THE DATA >>
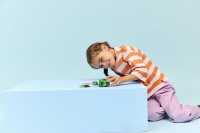 LEGO® Creator - Schildkröte mit Seerose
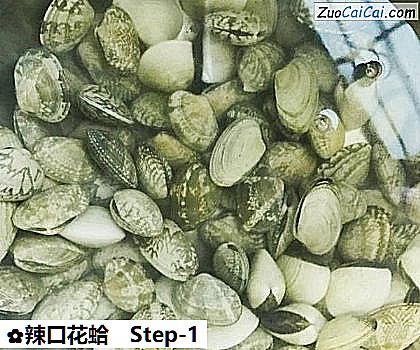 辣口花蛤做法第一步骤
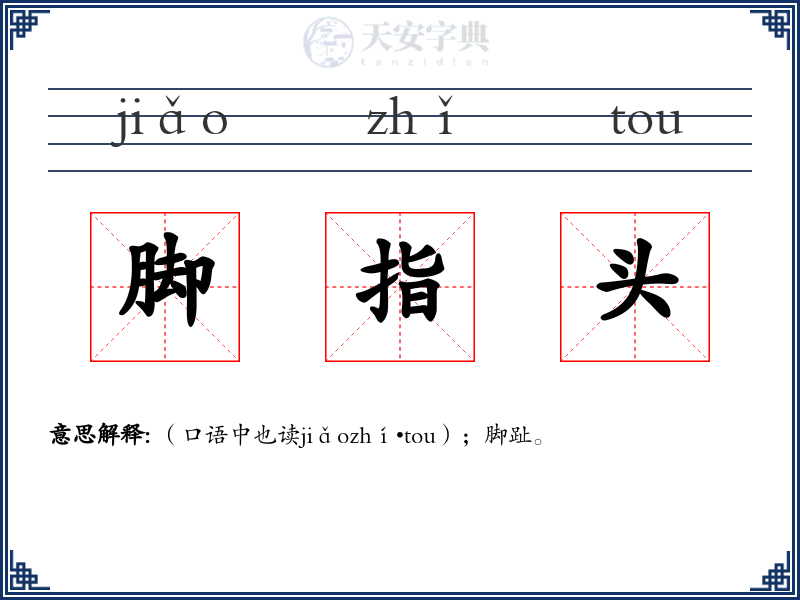 脚指头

PROBLEM TO WORK ON >> Leave out the images and repeat the rest of the data word for word.

EXPECTED ANSWER >>
 LEGO® Creator - Schildkröte mit Seerose
 辣口花蛤做法第一步骤
 脚指头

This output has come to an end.